- **TASK PROMPT**
Each record beneath this line is to be copied exactly.

- **EXERCISE DATA**

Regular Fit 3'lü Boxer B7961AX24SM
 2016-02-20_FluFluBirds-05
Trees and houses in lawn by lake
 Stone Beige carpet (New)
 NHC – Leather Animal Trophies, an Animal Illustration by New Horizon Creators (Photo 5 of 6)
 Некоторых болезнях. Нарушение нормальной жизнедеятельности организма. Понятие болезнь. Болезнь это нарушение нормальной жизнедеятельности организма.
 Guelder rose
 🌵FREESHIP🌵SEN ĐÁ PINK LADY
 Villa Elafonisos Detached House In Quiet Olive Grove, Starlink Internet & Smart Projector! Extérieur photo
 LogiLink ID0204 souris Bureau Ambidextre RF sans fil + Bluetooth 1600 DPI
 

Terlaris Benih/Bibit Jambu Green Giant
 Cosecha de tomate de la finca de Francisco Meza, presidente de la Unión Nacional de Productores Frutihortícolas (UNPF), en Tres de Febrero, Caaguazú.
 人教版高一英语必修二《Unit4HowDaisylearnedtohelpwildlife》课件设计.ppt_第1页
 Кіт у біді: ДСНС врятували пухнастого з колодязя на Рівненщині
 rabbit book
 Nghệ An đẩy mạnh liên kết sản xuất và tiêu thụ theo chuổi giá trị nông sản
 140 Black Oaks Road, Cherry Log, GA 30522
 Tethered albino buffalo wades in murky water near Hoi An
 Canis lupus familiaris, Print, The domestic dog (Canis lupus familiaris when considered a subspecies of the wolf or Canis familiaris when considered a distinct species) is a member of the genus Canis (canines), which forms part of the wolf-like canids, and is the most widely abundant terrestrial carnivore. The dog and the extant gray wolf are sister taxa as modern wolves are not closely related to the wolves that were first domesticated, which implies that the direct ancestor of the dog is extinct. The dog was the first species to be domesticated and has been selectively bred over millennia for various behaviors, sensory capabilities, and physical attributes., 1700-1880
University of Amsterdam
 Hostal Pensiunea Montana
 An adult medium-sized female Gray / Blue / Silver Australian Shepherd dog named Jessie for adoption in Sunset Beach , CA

- **OUTPUT FOR THIS TASK**
Regular Fit 3'lü Boxer B7961AX24SM
 2016-02-20_FluFluBirds-05
Trees and houses in lawn by lake
 Stone Beige carpet (New)
 NHC – Leather Animal Trophies, an Animal Illustration by New Horizon Creators (Photo 5 of 6)
 Некоторых болезнях. Нарушение нормальной жизнедеятельности организма. Понятие болезнь. Болезнь это нарушение нормальной жизнедеятельности организма.
 Guelder rose
 🌵FREESHIP🌵SEN ĐÁ PINK LADY
 Villa Elafonisos Detached House In Quiet Olive Grove, Starlink Internet & Smart Projector! Extérieur photo
 LogiLink ID0204 souris Bureau Ambidextre RF sans fil + Bluetooth 1600 DPI
 

Terlaris Benih/Bibit Jambu Green Giant
 Cosecha de tomate de la finca de Francisco Meza, presidente de la Unión Nacional de Productores Frutihortícolas (UNPF), en Tres de Febrero, Caaguazú.
 人教版高一英语必修二《Unit4HowDaisylearnedtohelpwildlife》课件设计.ppt_第1页
 Кіт у біді: ДСНС врятували пухнастого з колодязя на Рівненщині
 rabbit book
 Nghệ An đẩy mạnh liên kết sản xuất và tiêu thụ theo chuổi giá trị nông sản
 140 Black Oaks Road, Cherry Log, GA 30522
 Tethered albino buffalo wades in murky water near Hoi An
 Canis lupus familiaris, Print, The domestic dog (Canis lupus familiaris when considered a subspecies of the wolf or Canis familiaris when considered a distinct species) is a member of the genus Canis (canines), which forms part of the wolf-like canids, and is the most widely abundant terrestrial carnivore. The dog and the extant gray wolf are sister taxa as modern wolves are not closely related to the wolves that were first domesticated, which implies that the direct ancestor of the dog is extinct. The dog was the first species to be domesticated and has been selectively bred over millennia for various behaviors, sensory capabilities, and physical attributes., 1700-1880
University of Amsterdam
 Hostal Pensiunea Montana
 An adult medium-sized female Gray / Blue / Silver Australian Shepherd dog named Jessie for adoption in Sunset Beach , CA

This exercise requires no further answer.